Applying the same sample logic for the last layer as in https://babkin-cep.blogspot.com/2022/10/optimization-4-backpropagation-for-last.html, if we have
N(v[1..3]) = v[1]*x[1] + v[2] * x[2] + v[3]*x[3]
then after activation, assuming that f() < 0, the formula will be:
output = A(N(v[1..3]) = k1 * (v[1]*x[1] + v[2] * x[2] + v[3]*x[3]) + k2
Then the squared error will be:
f(v[1..3]) = (k1 * (v[1]*x[1] + v[2] * x[2] + v[3]*x[3]) + k2 - b)^2
and using the same logic as before, the partial derivatives will be:
df/dx[1] = 2 * k1 * v[1] * (k1 * (v[1]*x[1] + v[2] * x[2] + v[3]*x[3]) + k2 - b) =
= 2 * k1 * v[1] * (output - b)
df/dk1 = 2 * (v[1]*x[1] + v[2] * x[2] + v[3]*x[3])
* (k1 * (v[1]*x[1] + v[2] * x[2] + v[3]*x[3]) + k2 - b) =
= 2 * N(v[]) * (output - b)
df/dk2 = 2 * (k1 * (v[1]*x[1] + v[2] * x[2] + v[3]*x[3]) + k2 - b) =
= 2 * (output - b)
And when propagating to the previous layers, the propagation back through the activation function will multiply the sigma value by its derivative:
dA/dv = {
v < 0 : k1;
v = 0 : 1;
v > 0 : k2;
}
and the gradient (AKA derivative) for k1 or k3, depending on which path was taken, will be (N(v) * sigma), and for k2 it will be sigma.
Another interesting property of the V-shaped function is that it can implement a XOR logical operation on two inputs in one layer instead of the classical two. If we have false defined as -1 and true as 1 then we can define:
N(v[1], v[2]) = v[1] - v[2]
k1 = -1
k2 = -1
k3 = 1
It could also be argued that this activation function essentially adds an extra layer to every layer of neurons, but it's a special layer, much cheaper than a normal one. I think implementing an equivalent of V-shaped activation with plain ReLU would even require three layers to keep k2 common.
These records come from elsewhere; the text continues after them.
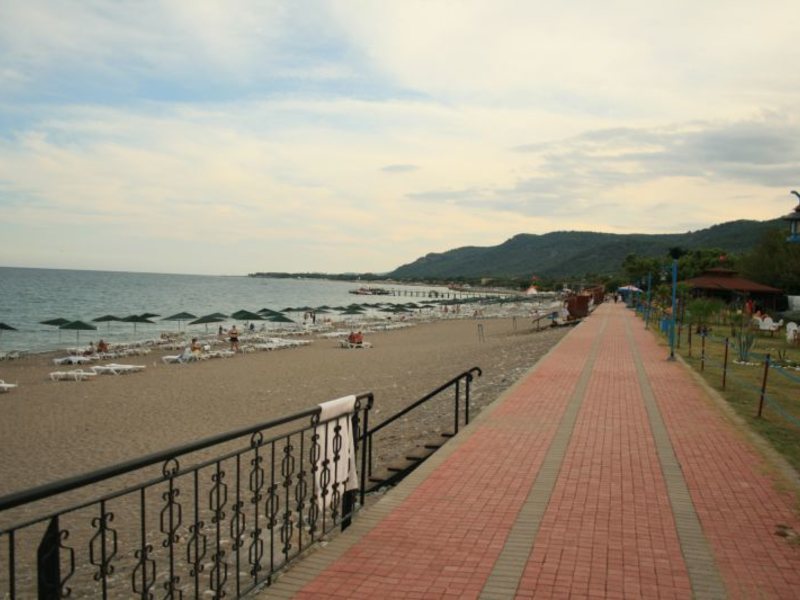 Anita Venus Beach   (ех 42631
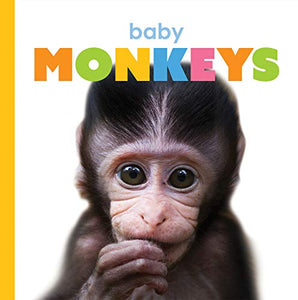Baby Monkeys 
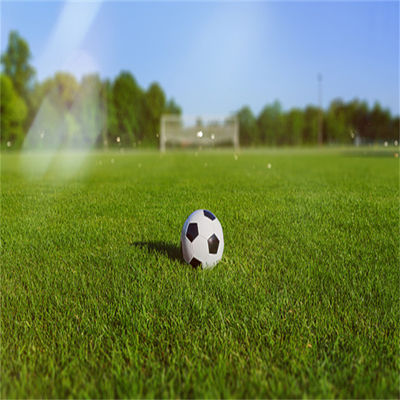 Natürliche 50 mm 60 mm Fußballgrün für Fußballstadion und Turnhalle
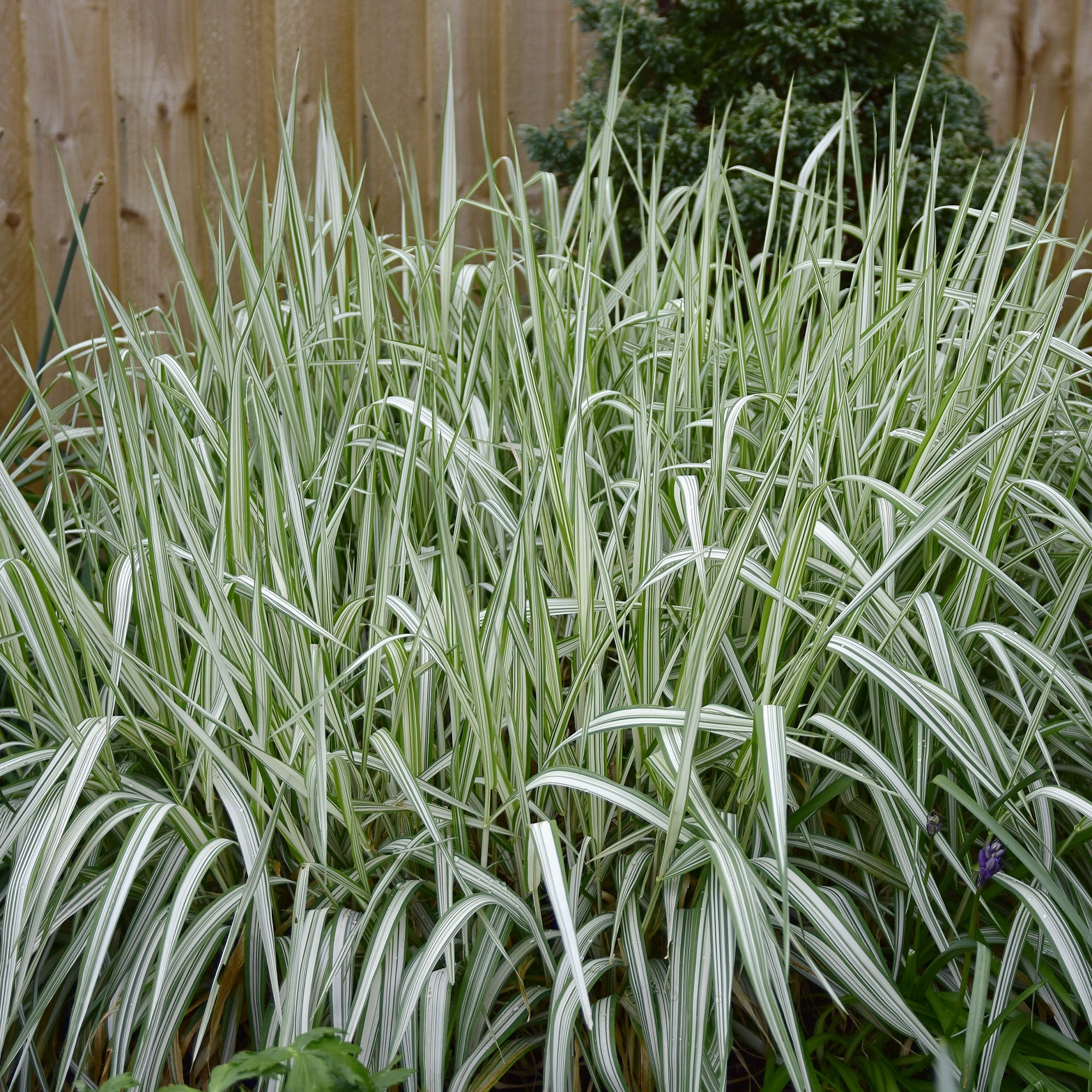 Bakker Feesey phalaris panaché graminée pot 8cm sol humide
So it looks interesting and promising, although I'm not entirely sure that the breaking point will end up moving in the "intuitively correct" directions. Now I need to try and see. And first, reorganize the training code in FloatNeuralNet to support multiple kinds of activation functions, and factor out the repetitive code in it.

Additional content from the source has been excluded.